Accualy I have UHCI compiled in, as mentioned in my second post and CONFIG_USB_BANDWIDTH is not set.

 *Quote:*   

> Use the setkeycodes utility with the suggested 
> 
> scancode value. For the keycode value, look into /usr/include/linux/input.h, 
> 
> where is a list of all defined Linux keycodes.

 

searched the /usr/include/linux/input.h for keycodes in my dmesg output:

 0xbf not found (KEY_F21 ?)

 #define FF_SAW_UP 0x5b in section "Force feedback periodic effect types"

 0x69 not found (could be KEY_LEFT)

 0x68 not found (KEY_PAGEUP ??)

 #define FF_SINE  0x5a aigain in section "Force feedback periodic effect types"

I don't know what forcefeedback has to do with my mp3 player but I think these are just random codes generated because Xorg (same as when I still had XFree) access the keyboard controller register which maybe is used by USB later. If the code for q or " is generated, it starts repeating, I think.

What to do next??

----------

## dj_choco

Shanachie,

Let's start with the least complex scenario. With only the keyboard and mouse connected, you still get the same behaviour, but less frequently.

Do you have another USB keyboard to test this with? (I've assumed that the Keyboard is USB)

I would start there, then move to trying both the UHCI and EHCI compiled in or both as modules.

----------

## Shanachie

Actually, it's a laptop, sorry should have mentioned that [edit] I have mentioned it  :Smile:  [/edit]. So no USB keyboard, it's connected through serial io. Also, the touchpad keeps working no mather what.

But your right, when only the mouse is connected the problem still happens but far less frequent.

I'm not gonna compile EHCI because I don't have hardware for it, as I mentioned, its not an USB2.0 controller despite the lspci output.
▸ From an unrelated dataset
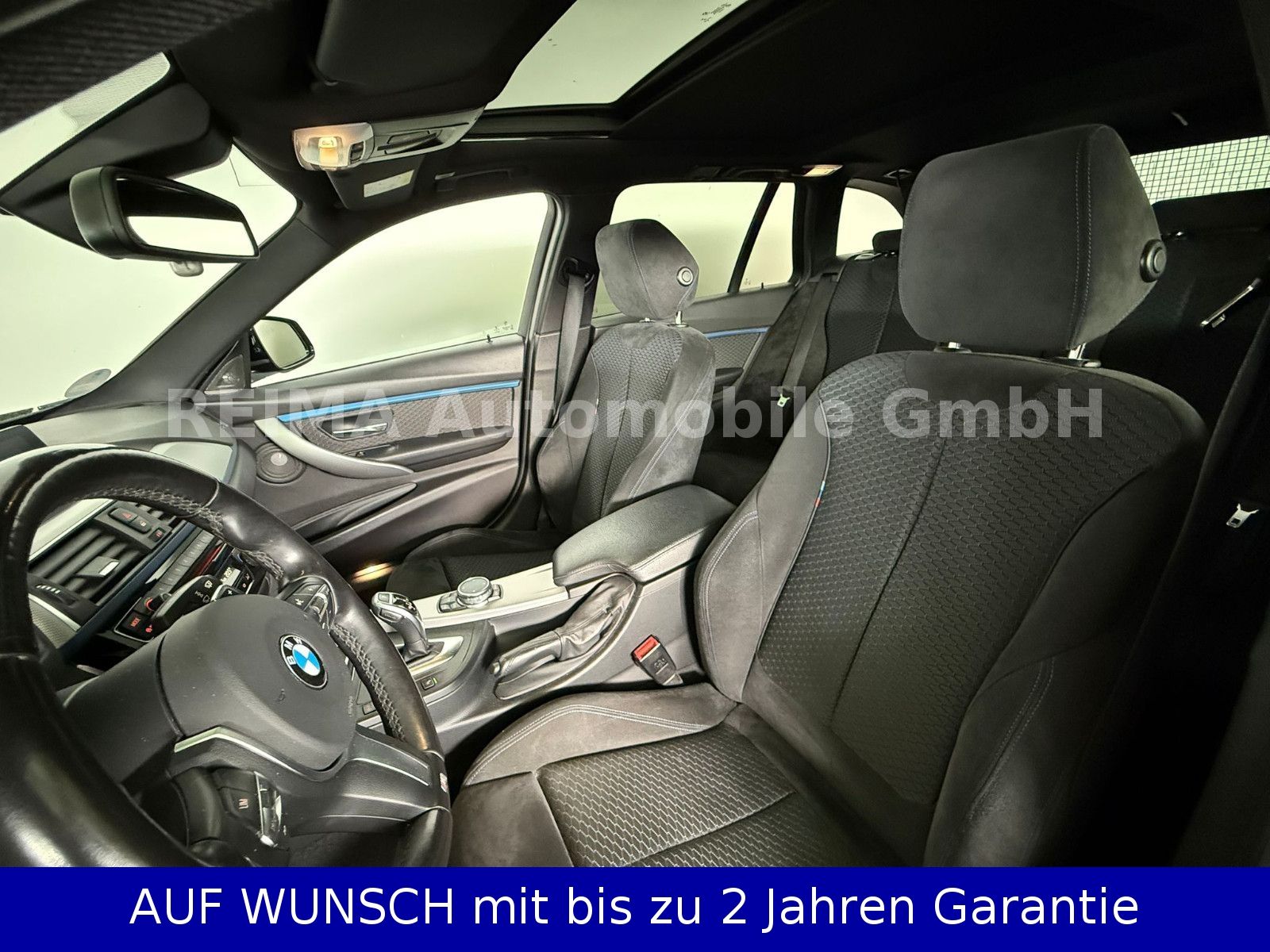 Fahrzeugabbildung BMW 335 d xDrive M Sport Touring, HUD, LED, H&K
I am thinking of getting an USB2.O PC-card for the mp3-player, maybe the problem won't happen with that controller because it not so buggy. I'll keep you updated.

----------

## dj_choco

Yep... you did mention that...   :Embarassed: 

good luck

----------

## gentsquash

 *dj_choco wrote:*   

> ...  From the Gentoo-2.6.9-r6 Kernel:
> 
>  *Quote:*     CONFIG_USB_EHCI_HCD:                                                                        
> 
> The Enhanced Host Controller Interface (EHCI) is standard for USB 2.0 ...   
> ...

 

How does one read/access this information from the kernel, please?

----------

## Taladar

If you use "make config" you have press "?" instead of y/m/n to get this text when you are at the option in question. With "make menuconfig" you just use the help button.

----------